Brian Burton, a.k.a. Danger Mouse, first drew attention for recasting The Beatles as Jay Z’s backing band in his mash-up record The Grey Album. In doing so, he took tracks off one of rock n roll’s most sonically experimental albums and re-adapted them for a more popular and modern format. That tone would grow to define Burton’s large body of work; be it with Gnarls Barkley, Danger Doom, or or a plethora of notable production (Gorillaz, the Black Keys, Norah Jones, et al.), he’s always displayed a knack for taking an experimental rock aesthetic and working it into a mixtape friendly format.
With Broken Bells’ self-titled debut, Burton teamed up with Shins frontman James Mercer to add a new layer of perky electronics to Mercer’s already well established songwriting style. But follow up After The Disco feels more like a production, along the lines of Burton’s best work as Danger Mouse.

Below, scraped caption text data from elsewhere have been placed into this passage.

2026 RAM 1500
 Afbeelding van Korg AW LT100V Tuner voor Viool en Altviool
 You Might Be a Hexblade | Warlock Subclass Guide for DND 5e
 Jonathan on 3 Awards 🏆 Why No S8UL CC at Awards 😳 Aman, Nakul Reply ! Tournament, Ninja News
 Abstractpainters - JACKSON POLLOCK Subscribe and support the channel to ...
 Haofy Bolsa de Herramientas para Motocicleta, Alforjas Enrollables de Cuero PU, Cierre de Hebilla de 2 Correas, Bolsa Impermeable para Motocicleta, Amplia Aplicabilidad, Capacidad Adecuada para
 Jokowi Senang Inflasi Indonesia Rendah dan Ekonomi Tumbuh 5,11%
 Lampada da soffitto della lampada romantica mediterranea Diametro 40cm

Opener “Perfect World” is an ideal introduction to the sonic wonderland created for this album; employing synths reminiscent of Kraftwerk’s “Autobahn” and eventually building to a Bee Gees-esque chorus, it is equal parts driving disco and futuristic techno bliss.
After the Disco also introduces more of a storyline and mystique to follow the enjoyable, yet isolated tracks on Broken Bells, which adds a greater depth to the listening experience overall. There are stand-out moments — the luscious chorus of “Holding on for Life,” the moodier “Leave it Alone,” the driving build of “Control” — but this album was built in the tradition of great LPs. That is, each track contributes to the greater allure of the album, and it is best experienced from start to end.
If you’re familiar with Burton and Mercer’s work — either separately or as a duo — nothing on After The Disco will seem extraordinarily new. Still, the two find new ways to mix and match their separate talents, and each song is riveting in its own right. It’s a comfortable album: Not that Broken Bells didn’t take any risks; they simply met their goal to produce a strangely familiar version of a rock classic. And what’s wrong with a bit of cyber-disco ear candy?